-------- Input records
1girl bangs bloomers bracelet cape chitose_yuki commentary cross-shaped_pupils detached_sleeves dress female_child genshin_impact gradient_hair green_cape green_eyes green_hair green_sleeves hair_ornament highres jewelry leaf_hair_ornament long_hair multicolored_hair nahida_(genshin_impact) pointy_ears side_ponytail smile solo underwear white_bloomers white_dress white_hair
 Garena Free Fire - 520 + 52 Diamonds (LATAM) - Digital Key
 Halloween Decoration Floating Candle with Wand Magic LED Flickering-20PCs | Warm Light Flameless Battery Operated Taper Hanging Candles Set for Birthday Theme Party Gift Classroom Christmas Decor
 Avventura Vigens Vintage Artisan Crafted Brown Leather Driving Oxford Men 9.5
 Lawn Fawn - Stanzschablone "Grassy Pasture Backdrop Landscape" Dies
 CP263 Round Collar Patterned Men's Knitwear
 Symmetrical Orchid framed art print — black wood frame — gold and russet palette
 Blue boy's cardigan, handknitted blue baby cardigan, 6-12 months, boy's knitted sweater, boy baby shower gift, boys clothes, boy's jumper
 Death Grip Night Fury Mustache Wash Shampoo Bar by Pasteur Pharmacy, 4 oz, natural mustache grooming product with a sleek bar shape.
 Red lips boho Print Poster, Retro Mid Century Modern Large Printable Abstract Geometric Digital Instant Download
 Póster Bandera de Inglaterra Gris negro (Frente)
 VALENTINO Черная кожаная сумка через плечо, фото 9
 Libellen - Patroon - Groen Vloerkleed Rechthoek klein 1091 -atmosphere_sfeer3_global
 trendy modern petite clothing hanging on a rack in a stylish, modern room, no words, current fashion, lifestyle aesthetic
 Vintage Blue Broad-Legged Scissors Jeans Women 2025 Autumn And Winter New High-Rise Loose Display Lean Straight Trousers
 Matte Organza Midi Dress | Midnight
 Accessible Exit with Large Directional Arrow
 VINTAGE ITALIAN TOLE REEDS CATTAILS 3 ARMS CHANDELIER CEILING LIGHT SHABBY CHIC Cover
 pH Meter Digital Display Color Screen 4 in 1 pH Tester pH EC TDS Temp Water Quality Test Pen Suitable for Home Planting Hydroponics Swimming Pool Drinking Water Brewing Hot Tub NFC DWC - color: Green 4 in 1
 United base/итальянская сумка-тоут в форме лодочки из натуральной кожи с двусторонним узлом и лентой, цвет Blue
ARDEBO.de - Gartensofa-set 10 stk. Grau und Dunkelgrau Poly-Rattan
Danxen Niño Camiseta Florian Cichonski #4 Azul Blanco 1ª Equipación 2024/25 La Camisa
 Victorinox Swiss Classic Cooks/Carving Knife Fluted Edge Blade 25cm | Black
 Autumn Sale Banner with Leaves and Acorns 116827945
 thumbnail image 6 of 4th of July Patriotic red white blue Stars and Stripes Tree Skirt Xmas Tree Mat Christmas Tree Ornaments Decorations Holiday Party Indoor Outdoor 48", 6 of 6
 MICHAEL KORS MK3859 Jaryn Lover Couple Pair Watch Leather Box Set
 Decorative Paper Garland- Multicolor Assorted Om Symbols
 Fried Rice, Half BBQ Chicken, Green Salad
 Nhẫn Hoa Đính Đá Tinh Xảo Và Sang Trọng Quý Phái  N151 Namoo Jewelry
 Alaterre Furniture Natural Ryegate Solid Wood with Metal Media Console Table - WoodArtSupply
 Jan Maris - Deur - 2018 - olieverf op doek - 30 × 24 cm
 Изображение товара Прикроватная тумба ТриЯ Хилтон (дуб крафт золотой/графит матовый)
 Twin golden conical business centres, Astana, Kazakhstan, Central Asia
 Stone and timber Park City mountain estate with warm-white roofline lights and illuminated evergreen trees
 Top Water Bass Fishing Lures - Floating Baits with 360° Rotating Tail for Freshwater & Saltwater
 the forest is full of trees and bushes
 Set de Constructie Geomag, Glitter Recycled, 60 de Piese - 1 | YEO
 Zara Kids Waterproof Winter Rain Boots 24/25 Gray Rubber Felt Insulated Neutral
----------------
- How to complete this task:
All records shown above need to be written out again verbatim.

- Written answer:
1girl bangs bloomers bracelet cape chitose_yuki commentary cross-shaped_pupils detached_sleeves dress female_child genshin_impact gradient_hair green_cape green_eyes green_hair green_sleeves hair_ornament highres jewelry leaf_hair_ornament long_hair multicolored_hair nahida_(genshin_impact) pointy_ears side_ponytail smile solo underwear white_bloomers white_dress white_hair
 Garena Free Fire - 520 + 52 Diamonds (LATAM) - Digital Key
 Halloween Decoration Floating Candle with Wand Magic LED Flickering-20PCs | Warm Light Flameless Battery Operated Taper Hanging Candles Set for Birthday Theme Party Gift Classroom Christmas Decor
 Avventura Vigens Vintage Artisan Crafted Brown Leather Driving Oxford Men 9.5
 Lawn Fawn - Stanzschablone "Grassy Pasture Backdrop Landscape" Dies
 CP263 Round Collar Patterned Men's Knitwear
 Symmetrical Orchid framed art print — black wood frame — gold and russet palette
 Blue boy's cardigan, handknitted blue baby cardigan, 6-12 months, boy's knitted sweater, boy baby shower gift, boys clothes, boy's jumper
 Death Grip Night Fury Mustache Wash Shampoo Bar by Pasteur Pharmacy, 4 oz, natural mustache grooming product with a sleek bar shape.
 Red lips boho Print Poster, Retro Mid Century Modern Large Printable Abstract Geometric Digital Instant Download
 Póster Bandera de Inglaterra Gris negro (Frente)
 VALENTINO Черная кожаная сумка через плечо, фото 9
 Libellen - Patroon - Groen Vloerkleed Rechthoek klein 1091 -atmosphere_sfeer3_global
 trendy modern petite clothing hanging on a rack in a stylish, modern room, no words, current fashion, lifestyle aesthetic
 Vintage Blue Broad-Legged Scissors Jeans Women 2025 Autumn And Winter New High-Rise Loose Display Lean Straight Trousers
 Matte Organza Midi Dress | Midnight
 Accessible Exit with Large Directional Arrow
 VINTAGE ITALIAN TOLE REEDS CATTAILS 3 ARMS CHANDELIER CEILING LIGHT SHABBY CHIC Cover
 pH Meter Digital Display Color Screen 4 in 1 pH Tester pH EC TDS Temp Water Quality Test Pen Suitable for Home Planting Hydroponics Swimming Pool Drinking Water Brewing Hot Tub NFC DWC - color: Green 4 in 1
 United base/итальянская сумка-тоут в форме лодочки из натуральной кожи с двусторонним узлом и лентой, цвет Blue
ARDEBO.de - Gartensofa-set 10 stk. Grau und Dunkelgrau Poly-Rattan
Danxen Niño Camiseta Florian Cichonski #4 Azul Blanco 1ª Equipación 2024/25 La Camisa
 Victorinox Swiss Classic Cooks/Carving Knife Fluted Edge Blade 25cm | Black
 Autumn Sale Banner with Leaves and Acorns 116827945
 thumbnail image 6 of 4th of July Patriotic red white blue Stars and Stripes Tree Skirt Xmas Tree Mat Christmas Tree Ornaments Decorations Holiday Party Indoor Outdoor 48", 6 of 6
 MICHAEL KORS MK3859 Jaryn Lover Couple Pair Watch Leather Box Set
 Decorative Paper Garland- Multicolor Assorted Om Symbols
 Fried Rice, Half BBQ Chicken, Green Salad
 Nhẫn Hoa Đính Đá Tinh Xảo Và Sang Trọng Quý Phái  N151 Namoo Jewelry
 Alaterre Furniture Natural Ryegate Solid Wood with Metal Media Console Table - WoodArtSupply
 Jan Maris - Deur - 2018 - olieverf op doek - 30 × 24 cm
 Изображение товара Прикроватная тумба ТриЯ Хилтон (дуб крафт золотой/графит матовый)
 Twin golden conical business centres, Astana, Kazakhstan, Central Asia
 Stone and timber Park City mountain estate with warm-white roofline lights and illuminated evergreen trees
 Top Water Bass Fishing Lures - Floating Baits with 360° Rotating Tail for Freshwater & Saltwater
 the forest is full of trees and bushes
 Set de Constructie Geomag, Glitter Recycled, 60 de Piese - 1 | YEO
 Zara Kids Waterproof Winter Rain Boots 24/25 Gray Rubber Felt Insulated Neutral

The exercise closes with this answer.